“But I didn’t and he could not help me once others learned of my transgression.”
Illium’s words dashed cold water on the heat of her self-protective response. She couldn’t do the same to Raphael, couldn’t make him helpless in the face of her pain. Taking a shaky breath, she placed a fisted hand on his chest and knew it was time to stop hiding from the damage she’d done.
• • •
About to tell Elena that they wouldn’t leave this balcony until she told him the truth, Raphael was silenced by the light weight of her fist against his chest.
“In the Refuge,” she began, “I heard what they said: that you were the most powerful youth anyone had ever seen.” Her voice was raw emotion, her features bleak. “You became Cadre at the end of your first millennium—it makes you extraordinary. And now . . .”
He saw it then, the torture she’d been inflicting on herself, and had to willfully temper his anger that she’d do this, cause herself harm in such an insidious way. Releasing his grip on her chin so he wouldn’t inadvertently hurt her, he ended the statement she’d begun, not bothering to conceal his fury. “Now others are gaining vicious powers, while I appear to have gained only a negative ability.”
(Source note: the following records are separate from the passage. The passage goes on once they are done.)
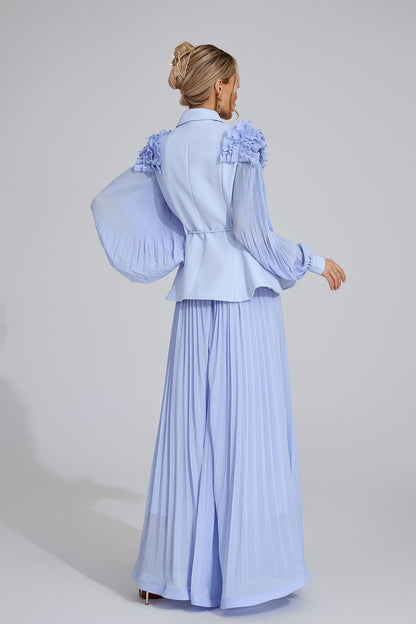 Ruffle-Shoulder Pleated Set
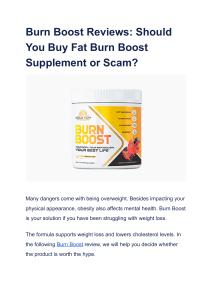 Burn Boost Reviews  Should You Buy Fat Burn Boost Supplement or Scam 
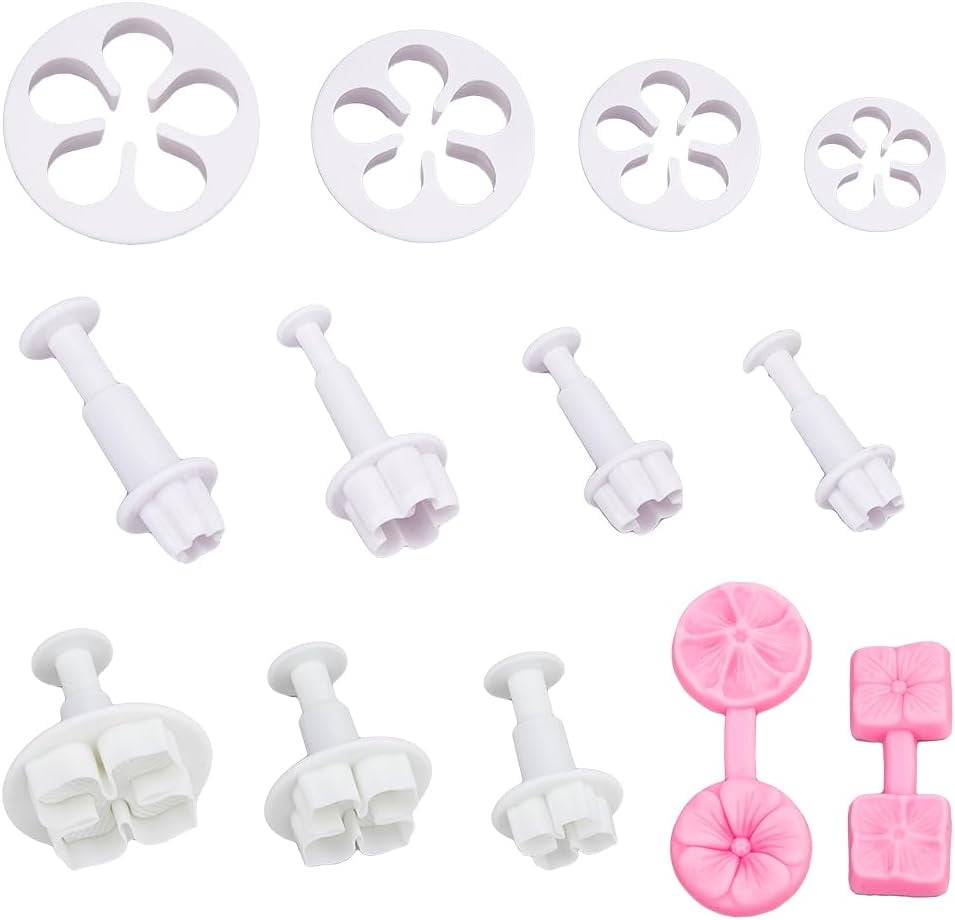SUPERFINDINGS 13Pcs Flower Clay Cutters Set - Silicone & Plastic Polymer Clay Tools For Fondant, Cookie, Earrings DIY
Stubborn as always, his consort held his gaze. “It’s true and it’s because of me.” Visceral pain. “I’m your assassin—no one else!”
16
Elena could push him to the edge faster than any other, but Raphael fought his rising anger to say what she’d forgotten. “My ability is the only one that has had any impact on Lijuan.” The Archangel of China had been stunned that he’d managed to cause her physical harm.
“Yes, but we both know it won’t be enough.” Skin pale from the way she held herself, all taut muscle and tendon, Elena dropped her hands to her sides. “Not against Lijuan’s reborn and not against Neha’s ability to create fire and ice, just to name two of the others. You said it yourself.”
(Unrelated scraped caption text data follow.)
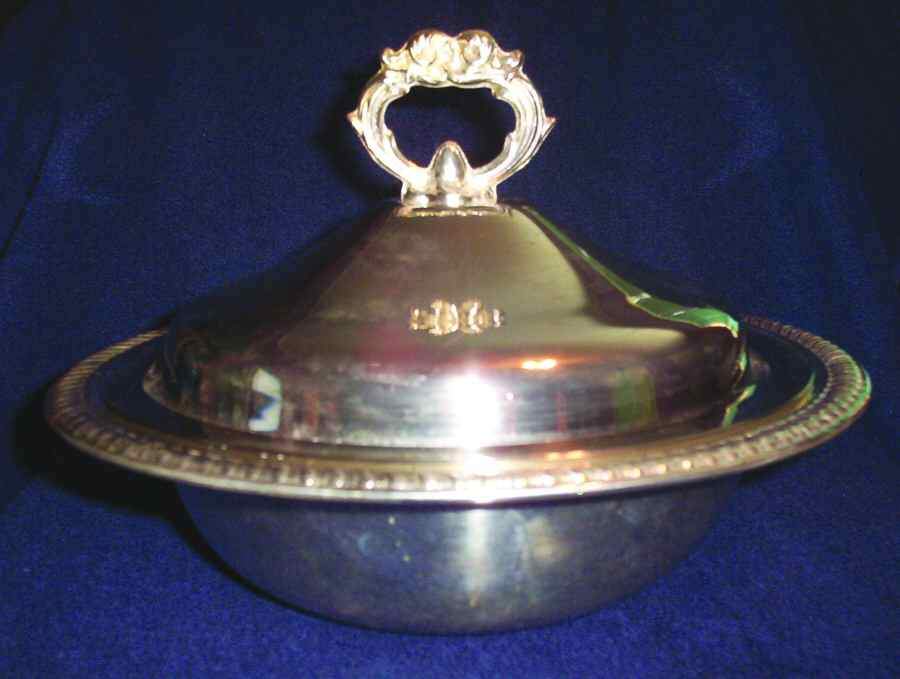 1058 (Silverplate, Hollowware) Silverplate Round Covered Casserole by F B Rogers-1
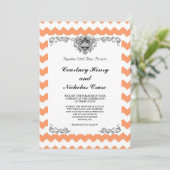 Invitations de mariage Tangerine Chevron (Debout devant)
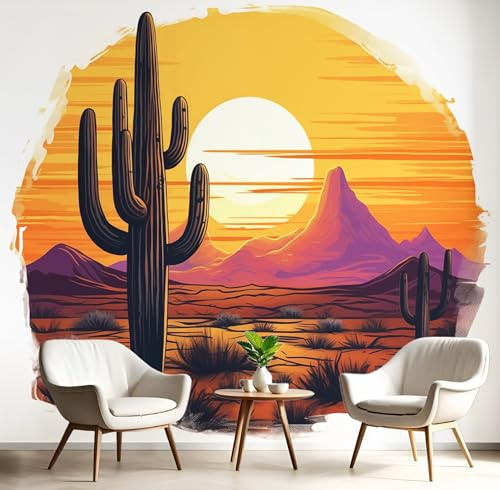 GSAEIMCT Orange-Yellow Mural Photo Wallpaper,Sunset Cactus Wallpaper for Living Room Tv Backdrop Office,3D Effect Desert Scenery Large Wall Mural Paper Decoration Poster Picture,150X105Cm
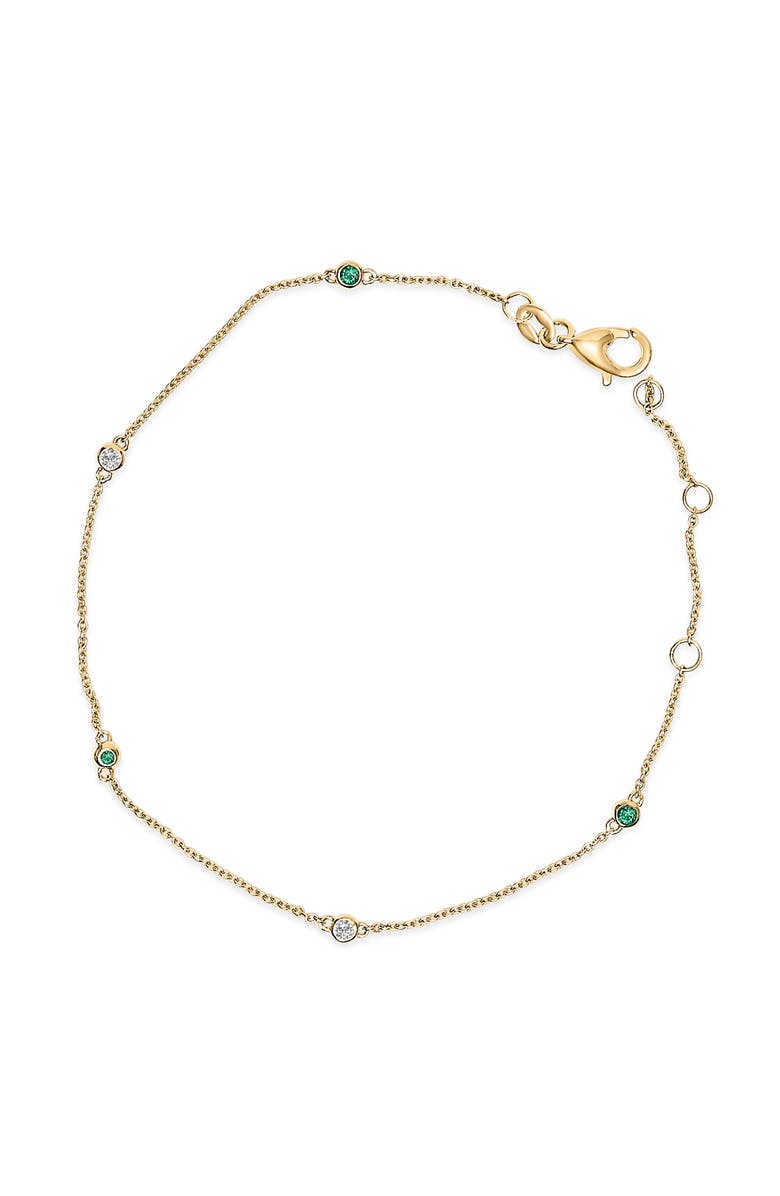 Haus of Brilliance 14K Yellow Gold Alternating Green Emerald and Diamond Bezel Station Chain Bracelet, Main, color, Yellow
He’d never meant for her to take his words as an indictment. Even more, he’d never expected Elena, brash and honest, to hold such damaging thoughts within . . . but he should have. His hunter, after all, had held the horrific loss of her family inside herself for nearly two decades, keeping it even from her trusted best friend.
“I,” he said, infuriated with her even as he wanted to bring Slater Patalis back to life so he could send him to a torturous death, “do not make a habit of hiding accusations behind the words I speak to my consort.” That she may have believed such of him had rage lacing a film of red across his vision. “And I will not tolerate you concealing your thoughts from me in this way.”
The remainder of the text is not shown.